WASHINGTON — Russia warned Tuesday that it may halt cooperation with the United States on Iran and Syria in response to a continuing stream of U.S. sanctions.

One day after the Obama administration announced its latest penalties, the Russian Foreign Ministry spokesman, Alexander Lukashevich, said the sanctions “are putting in doubt prospects for bilateral cooperation on solving the situation around the Iranian nuclear program, the Syrian crisis and other acute international problems.”

“As Washington could have seen previously, we don’t leave such unfriendly acts without an answer,” he said in a statement in Moscow.

The State Department announced Monday it was penalizing four Russian officials under the so-called Magnitsky Act for alleged human rights abuses.

The U.S. government announced sanctions against Russian individuals and organizations five times previously this year in response to Russian actions in Ukraine.

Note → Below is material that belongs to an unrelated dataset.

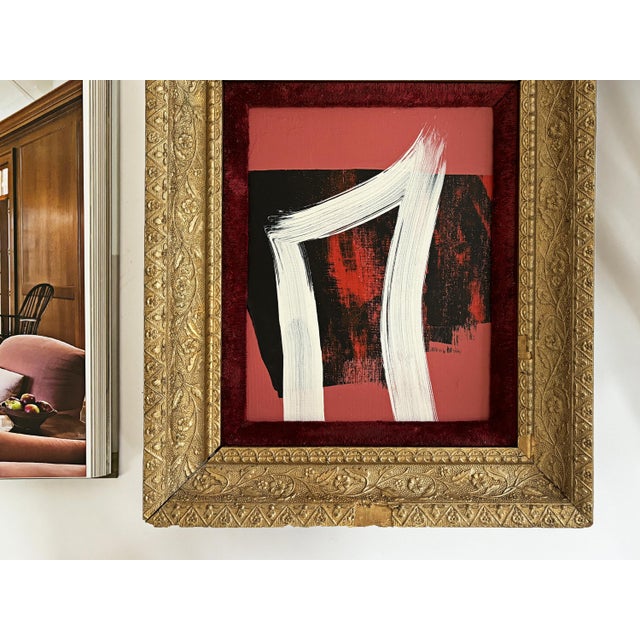 "Simmer" Abstract Art in Antique Frame, Pink Art Victorian Antique Frame by JTS For Sale In Minneapolis - Image 6 of 8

The latest sanctions have come at a delicate moment in U.S.-Russian relations.

While Russian President Vladimir Putin does not want to be seen bowing to Western pressure, many officials and analysts believe he may want to reduce tensions with the West to ease the economic pressure on his government from the recent sharp decline in oil prices and the effects of accumulating Western sanctions.

“He may realize his interests are better served by a better relationship with the U.S.,” a senior administration official said in a recent interview. He spoke on condition of anonymity because he was not authorized to speak publicly about the diplomatically sensitive issue.